--- Exercise materials ---

****

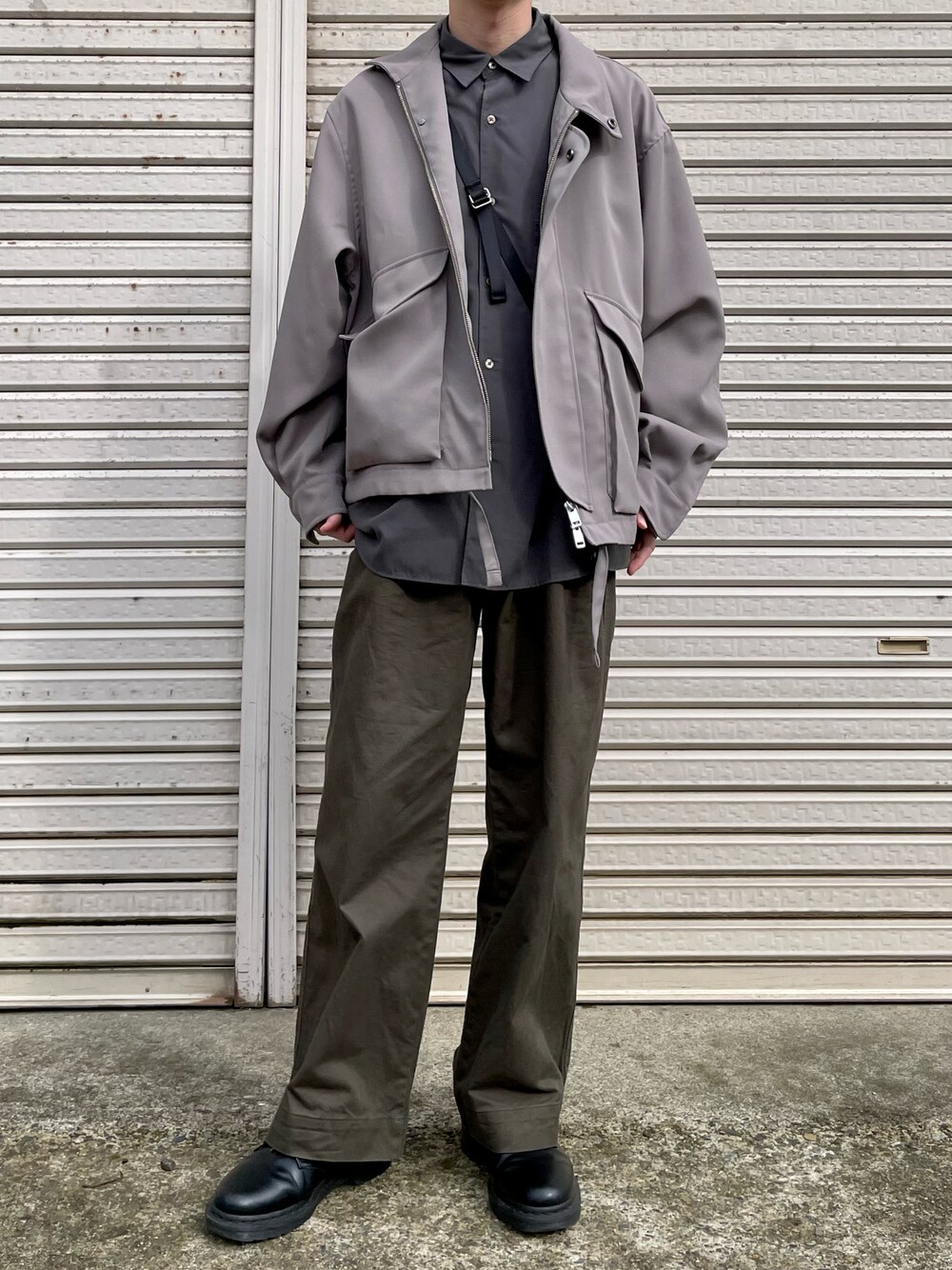 「カジュアルコーデ、シンプル、秋コーデ、シャツスタイル、カーゴパンツ、シンプルスタイル、リラックススタイル」｜「UNIQLOのアイテム（チノパンツ、グリーン系）」を使った、noriさん（メンズ・167cm）の冬コーディネートの1枚目の写真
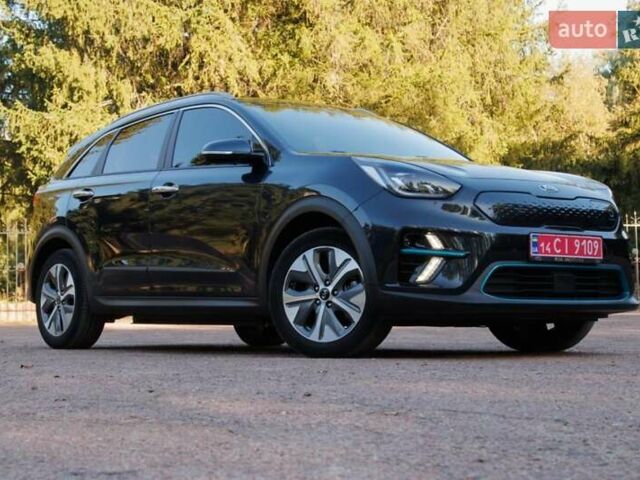 Синий Киа Niro, объемом двигателя 0 л и пробегом 125 тыс. км за 18950 $, фото 1 на Automoto.ua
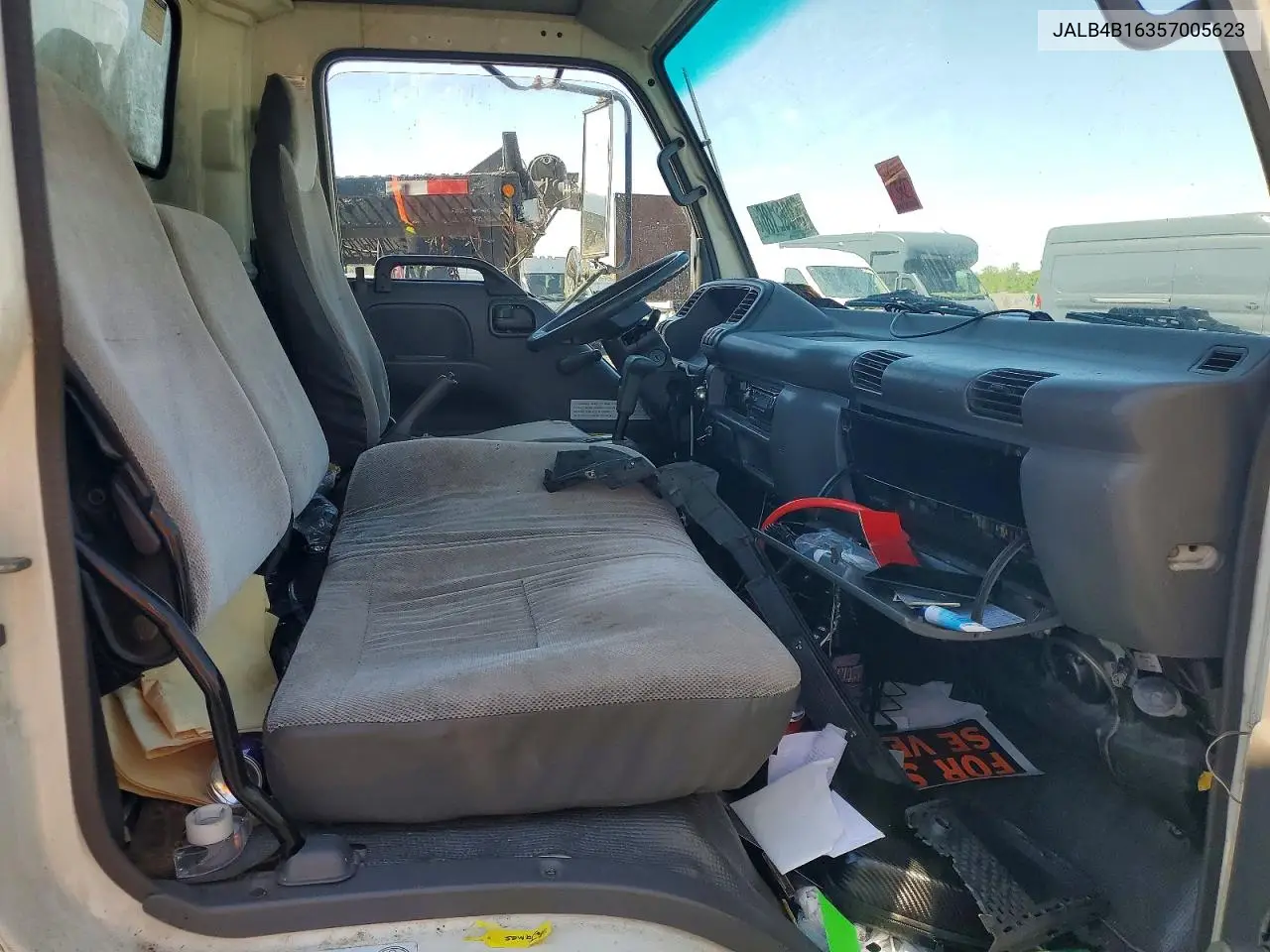 2005 Isuzu Npr Box Truck VIN: JALB4B16357005623 Lot: 53062186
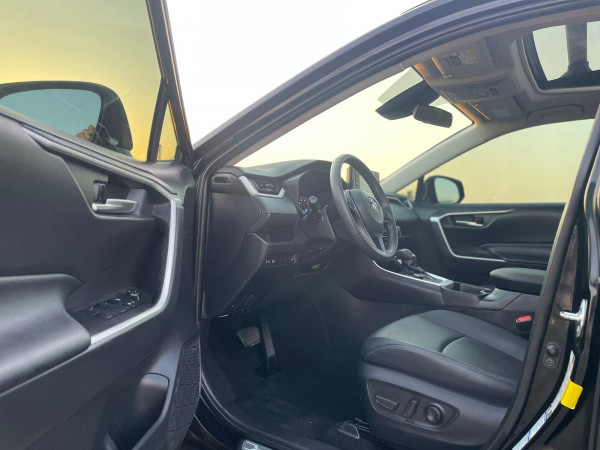 Toyota RAV 4 2021/ Black LHD Hybrid AT SUV Crossover 2WD view 7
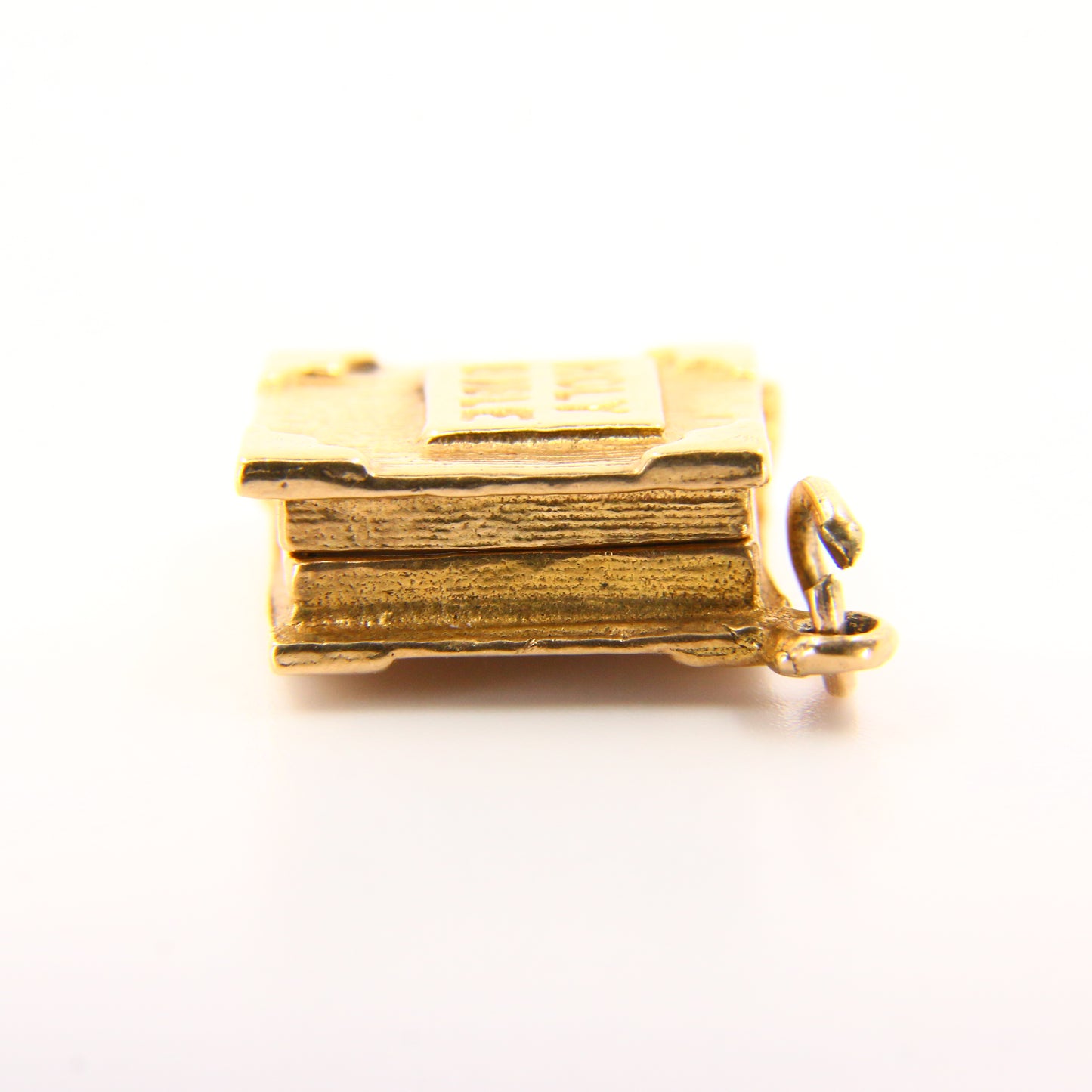 Vintage 9ct Holy Bible Charm – Hallmarked Yellow Gold Opening Pendant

****

--- Exercise details ---
For every line above, produce an exact transcription that omits the images.

--- Solved exercise ---
 「カジュアルコーデ、シンプル、秋コーデ、シャツスタイル、カーゴパンツ、シンプルスタイル、リラックススタイル」｜「UNIQLOのアイテム（チノパンツ、グリーン系）」を使った、noriさん（メンズ・167cm）の冬コーディネートの1枚目の写真
 Синий Киа Niro, объемом двигателя 0 л и пробегом 125 тыс. км за 18950 $, фото 1 на Automoto.ua
 2005 Isuzu Npr Box Truck VIN: JALB4B16357005623 Lot: 53062186
 Toyota RAV 4 2021/ Black LHD Hybrid AT SUV Crossover 2WD view 7
 Vintage 9ct Holy Bible Charm – Hallmarked Yellow Gold Opening Pendant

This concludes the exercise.